The goal is to try and get data into the cognitive area of the brain as quickly as possible, without impediments and without friction. Firstly, in order to be able to communicate data in an effective way, we have to be very sympathetic to how the human brain processes data. Charts, spreadsheets and databases can be very complicated for us to process, and because of that, people might experience certain levels of intimidation when looking at them. Why? Because they don’t know where to start and they don’t know how to analyse and break down the data.
There’s the physiological side to data communication – it has to be easy to consume, being mindful of how we’re built and how we inherently process information. But also, consuming data has to be something that we want to do. It has to be enjoyable. A big part of that is removing that initial feeling of intimidation when you’re presented with vast amounts of data.
Those two things are the key challenges – making data communicable to humans and making people want to look at it. If you can unlock both of those, you could unlock all or at least a lot of the power that’s been isolated or concentrated amongst certain roles and certain areas within an organisation. That’s what we mean when we talk about communicating data for people. In essence, these are the two problems that Geckoboard is trying to crack from a product standpoint.
Designing for the human brain
Design is about more than how something looks. In fact, how something looks is a byproduct of design. Design is about understanding how it’s going to be used. If you understand how something is going to be used, you can design something that effectively demonstrates that purpose.

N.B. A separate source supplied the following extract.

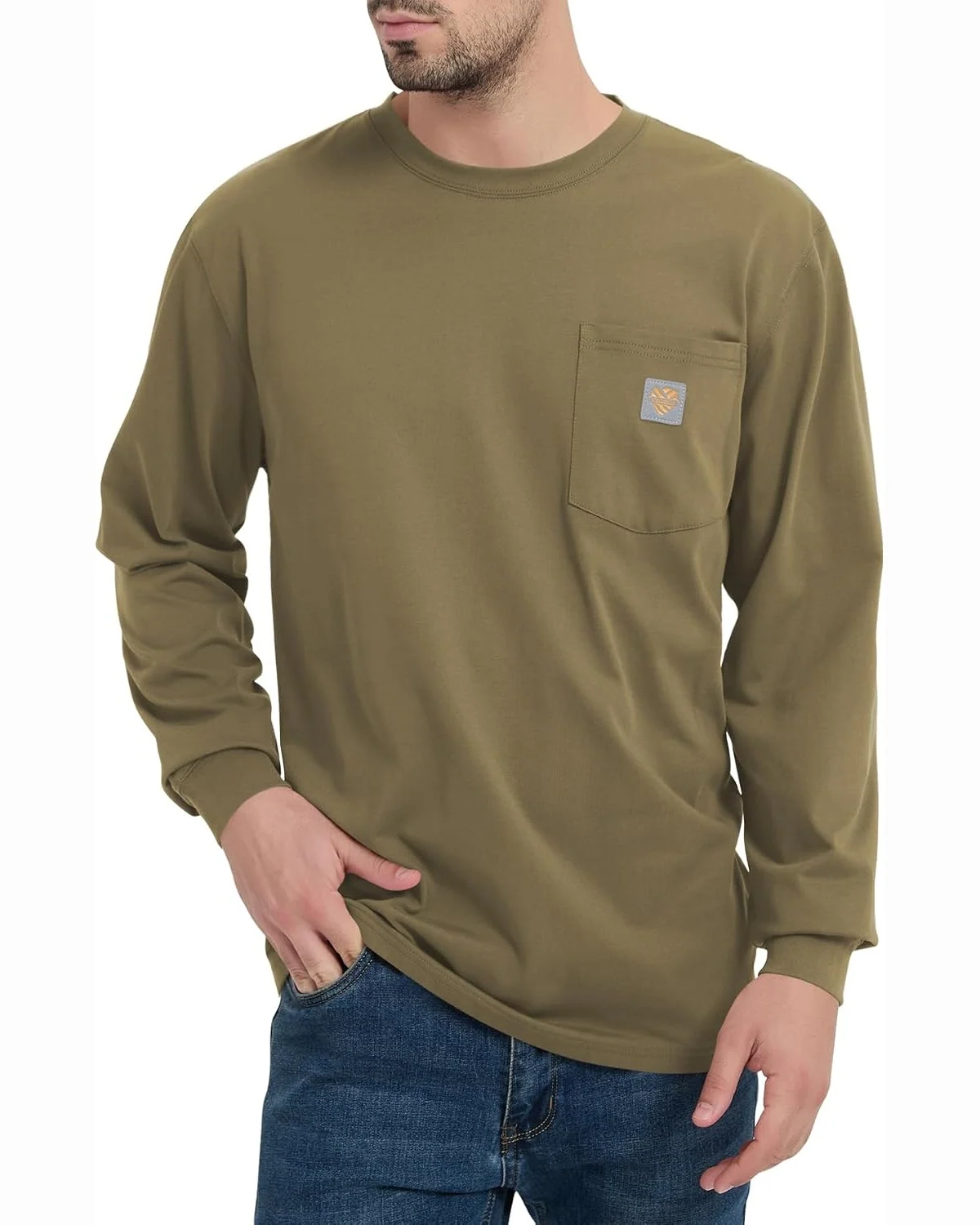 Long-Sleeve Work Tee in Light Coffee, KECOLS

A few years ago, I wrote a blog post comparing the dashboard design of a Lamborghini Aventador and a BMW M3. The Lamborghini is an extravagant and expensive car. The dashboard, as a result, appears to have been designed with a ‘Wouldn’t it be cool if…?’ mindset. When you look at the dashboard, you find a vast variety of colours, fonts, font sizes and movement. The net result of that is something that isn’t fit for its primary purpose – that it’s a driver’s aid. You don’t need to see a ‘cool’ dashboard when you’re going around the corner at 180 miles an hour. All you need to see is that you’re in control, in this case, something that’s arguably impossible to do at a glance.
Instead, if we take a look at the dashboard of the BMW M3, we can see an entirely different philosophical approach. We’re now looking at a dashboard that’s the result of someone that asked themselves, ‘What does the driver need to see and how can we present that data in the most effective way possible?’ There are no bells and whistles. It doesn’t look cool or flashy. But it has an innate beauty because they stripped away everything that was an unnecessary distraction and concentrated on the fact that it’s a human being driving this vehicle. By concentrating on the human, they’ve created something that, by default, is beautiful to humans, because it fulfills its purpose exceptionally well.
The philosophy behind Geckoboard is that if we can create a design that’s sympathetic to human beings and how we process information, then we’ll have a product that is innately beautiful. While the design of our dashboards is constantly evolving as we become more educated in the area and develop a more meaningful understanding of our customers, we’re designing a tool that’s caters towards the end purpose. That purpose is delivering data that’s free of noise and distractions, creating an experience that allows you to get to the data that you want as quickly as possible and to understand that data as quickly as possible.